Nos encontramos en el Cenáculo, en el Monte Sion, en el lugar en el que Jesús consumó la Última Cena con sus discípulos, dejándoles el don de la eucaristía y del sacerdocio, pero también el mandamiento del amor fraterno y el ejemplo de servicio a través del lavatorio de pies.
Es en este lugar en el que Jesús se aparece a los apóstoles en la tarde del día de Pascua. Las puertas cerradas no impiden al Resucitado entrar, y Jesús se manifiesta con palabras, gestos y señales que son importantes para ese pequeño grupo de apóstoles acobardados y todavía en shock por su muerte, pero también para nosotros, casi 2.000 años más tarde.
Las palabras y gestos se unen, y contienen un regalo y una misión de reconciliación: “¡La paz esté con vosotros! Como el Padre me envía, así os envío yo!” Dicho esto, sopló sobre ellos y dijo: “Recibid el Espíritu Santo. A quienes perdonéis los pecados, les quedarán perdonados; y a quienes no se los perdonéis, les quedarán sin perdonar.”

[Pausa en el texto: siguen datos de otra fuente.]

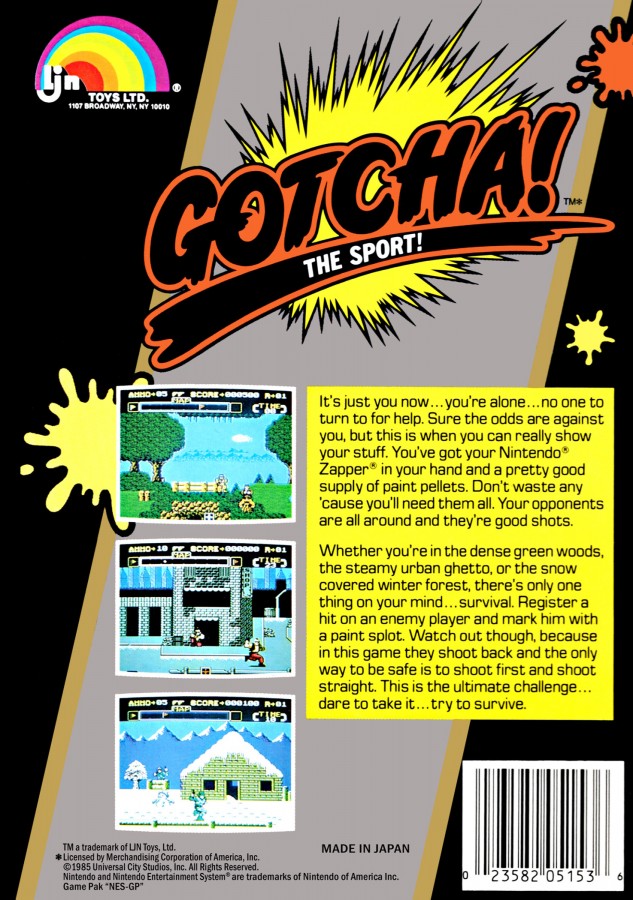 Gotcha The Sport Nintendo Entertainment System NES for retro video game enthusiasts featuring light gun compatible action gameplay paintball inspired battles fast paced target shooting competitive multiplayer fun colorful arenas and collectible gaming appeal back art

Jesús da la paz, Jesús da el Espíritu Santo, Jesús confía una misión que es sobre todo misión de reconciliación, de perdón y de paz, para hacernos renacer como humanidad nueva y reconciliada, recreada por el don del Espíritu.
Jesús ofrece también un signo, que ofrecerá de nuevo ocho días después, para ayudar en el camino de fe de Tomás. Y este signo es la herida de los clavos en las manos y en los pies y la marca de la lanza en el costado.
Jesús ha resucitado, ha vencido a la muerte, pero en su cuerpo de resucitado lleva todavía los signos de los clavos y de la lanza; lleva, por tanto —y continuará llevándolo para toda la eternidad—, los signos, las heridas y las llagas que manifiestan hasta dónde llega su amor por nosotros: Hasta la entrega plena y total de sí mismo, hasta morir por nosotros.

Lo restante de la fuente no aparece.